Temporal Straightening for Latent Planning

Ying Wang1, Oumayma Bounou1, Gaoyue Zhou1, Randall Balestriero2, Tim G. J. Rudner3, Yann LeCun1*, and Mengye Ren1*
1New York University 2Brown University 3University of Toronto
* Equal advising.

Abstract

Learning good representations is essential for latent planning with world models. While pretrained visual encoders produce strong semantic visual features, they are not tailored to planning and contain information irrelevant -- or even detrimental -- to planning. Inspired by the perceptual straightening hypothesis in human visual processing, we introduce temporal straightening to improve representation learning for latent planning. Using a curvature regularizer that encourages locally straightened latent trajectories, we jointly learn an encoder and a predictor. We show that reducing curvature this way makes the Euclidean distance in latent space a better proxy for the geodesic distance and improves the conditioning of the planning objective. We demonstrate empirically that temporal straightening makes gradient-based planning more stable and yields significantly higher success rates across a suite of goal-reaching tasks.

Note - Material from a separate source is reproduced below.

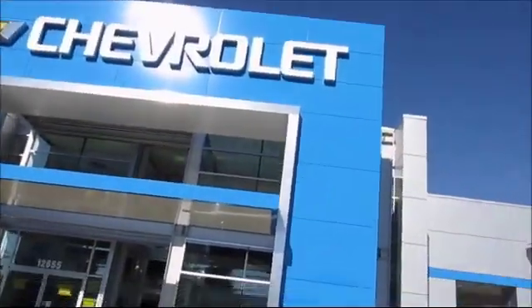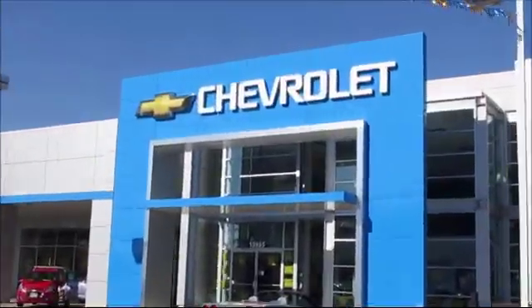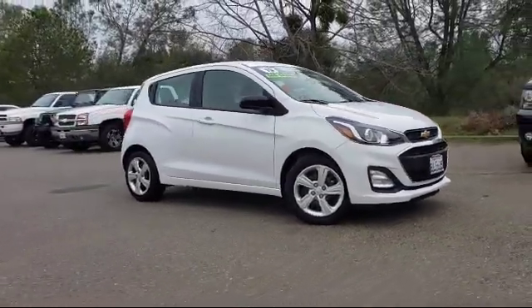When it comes to pre-owned cars, trucks, and SUVs, the best place to buy is here at Folsom Chevrolet. And here's another example of a great GM certified vehicle, and comes equipped with Premium Audio System,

Temporal straightening teaser

Method

Inspired by the perceptual straightening hypothesis in human vision, which posits that visual systems transform complex videos into straighter internal representations, we introduce a simple approach to straighten latent trajectories for planning. Concretely, we jointly learn an encoder and a predictor of a world model, while imposing regularization on the curvature of latent trajectories during training. The training objective is:

Lpred = || ẑt+1 - sg(zt+1) ||22

Lcurv = 1 - C, where C = cos(zt+1 - zt, zt+2 - zt+1)

Ltotal = Lpred + λLcurv

Here, sg denotes stop-gradient and λ controls the strength of the straightening.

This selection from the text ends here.